Dem voraus gingen Meldungen über Proteste von Bewohnern an unterschiedlichen Orten in Ost-Ghouta gegen Milizen. Manche Milizen hatten die "Ausreise" verboten, unterstrichen wurde das durch Schüsse auf die Korridore, die auch der UN-Vertreter Sajjad Malik bezeugte. Gefordert wurde in den Protesten, dass die syrische Armee die Kontrolle oder Aufsicht in den Gebieten in Ost-Ghouta übernehmen soll.

Die Diktatur der Milizen

Das wiederum widerspricht Berichten, die, wie dies auch vom UN-Repräsentanten Malik beobachtet wurde, davon ausgehen, dass es unter der Bevölkerung von Ost-Ghouta auch viele gab, die befürchteten, dass sie von den Sicherheitskräften der Regierung Schlimmes zu erwarten hätten. TV-Aufnahmen, die im syrischen Fernsehen zu sehen waren, zeigen freilich erleichterte Flüchtlinge, die davon sprechen, dass sie Jahre in einem Gefängnis oder einer Diktatur verbringen mussten. Die Milizen hätten sie nicht gehen lassen.

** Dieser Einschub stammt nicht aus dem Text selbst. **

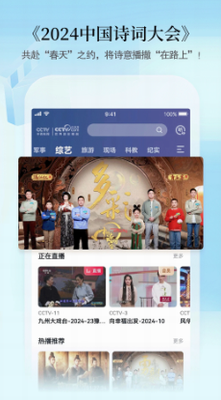 CCTV手机电视app下载-CCTV手机电视app安卓版下载v3.9.5 最新版 运行截图2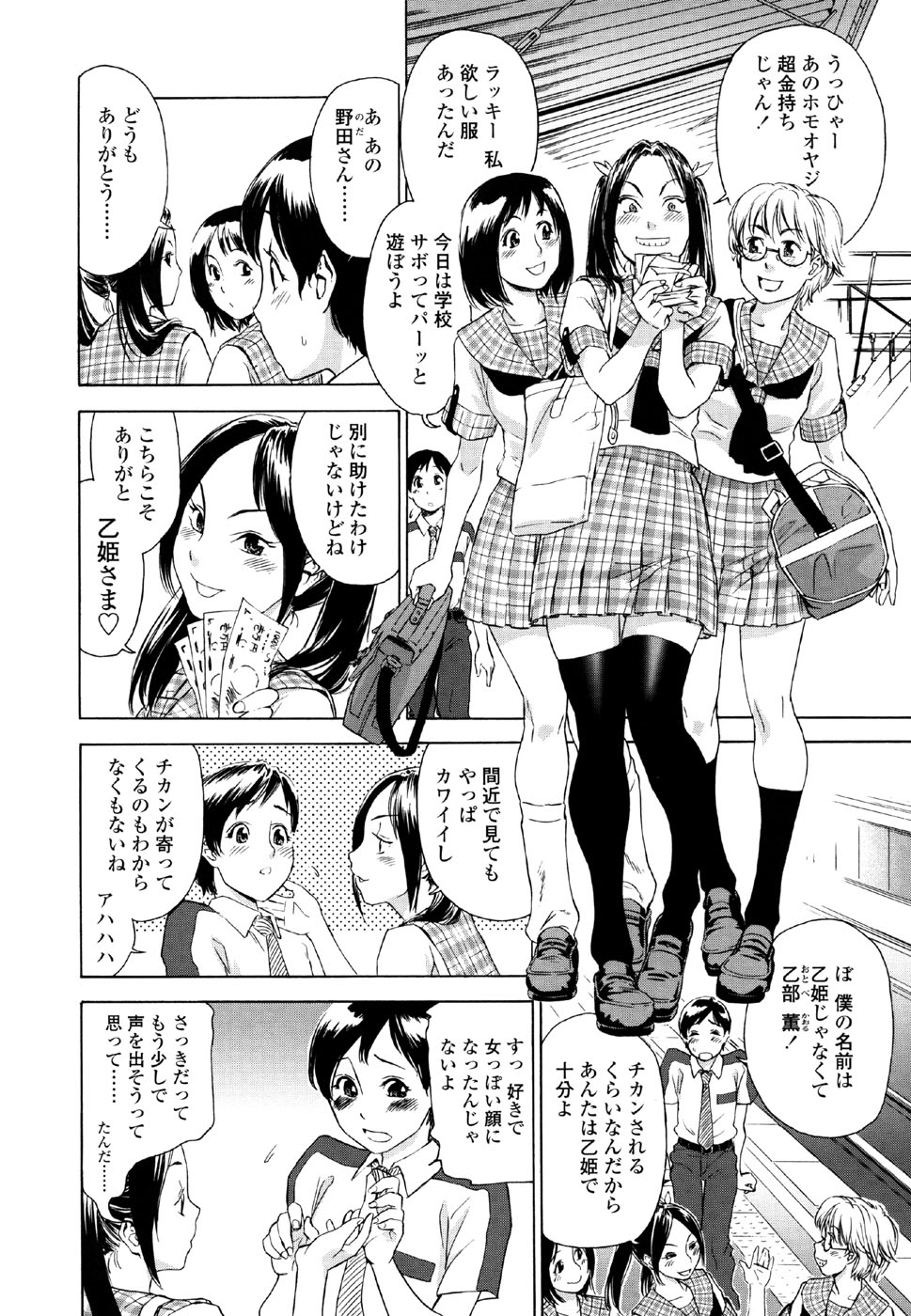 [大和川] AQUA BLESS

Das ist plausibel angesichts der Ausrichtung der Milizen, die in Ost-Ghouta eine islamistische Enklave errichten wollten, die streng nach fundamentalistischen Regeln funktionieren sollte und einer "Revolution" den Weg bereiten sollte, deren Ziel ein Emirat war.

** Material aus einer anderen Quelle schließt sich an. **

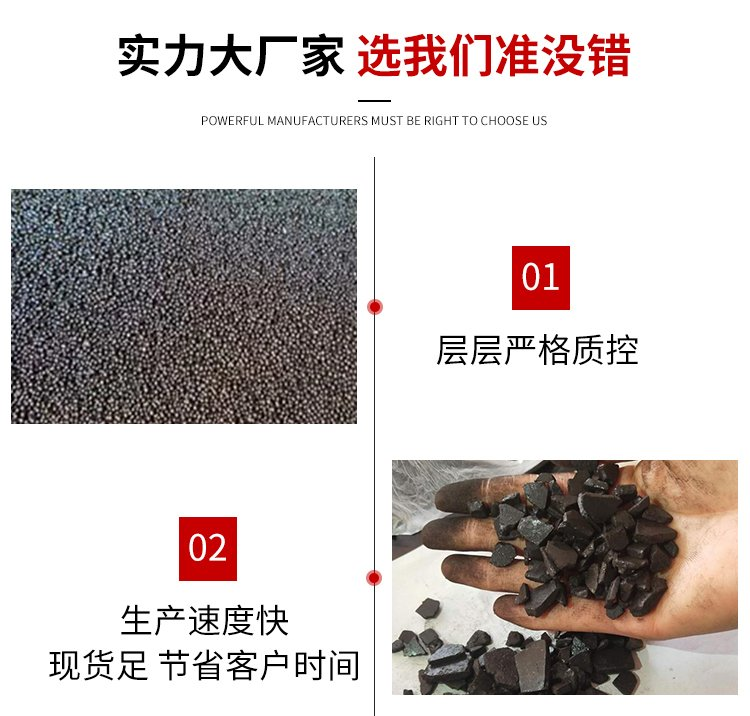 Zinc high-temperature asphalt powder has stable indicators and can be processed with fine mesh size, which is used for waterproof roll materials in Germany and Japan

Die Milizen-Herrschaft in Ost-Ghouta nahm laut Hintergrundberichten von Autoren, die deutlich mehr mit der Opposition als mit der Baath-Regierung sympathisieren (Aron Lund, siehe Ost-Ghouta: Die Hölle und der Tunnelblick), deutlich ausgeprägtere repressive Züge an als unter der Kontrolle der Assad-Regierung. Nach sieben Jahren eines Konflikts, der beständig eskalierte und zu unbeschreiblichen Brutalitäten und Lebenseinbrüchen führte, ist anzunehmen, dass sich die Zivilbevölkerung nach friedlicheren Zeiten sehnt.

Warum kämpfen die Milizen auf verlorenem Posten?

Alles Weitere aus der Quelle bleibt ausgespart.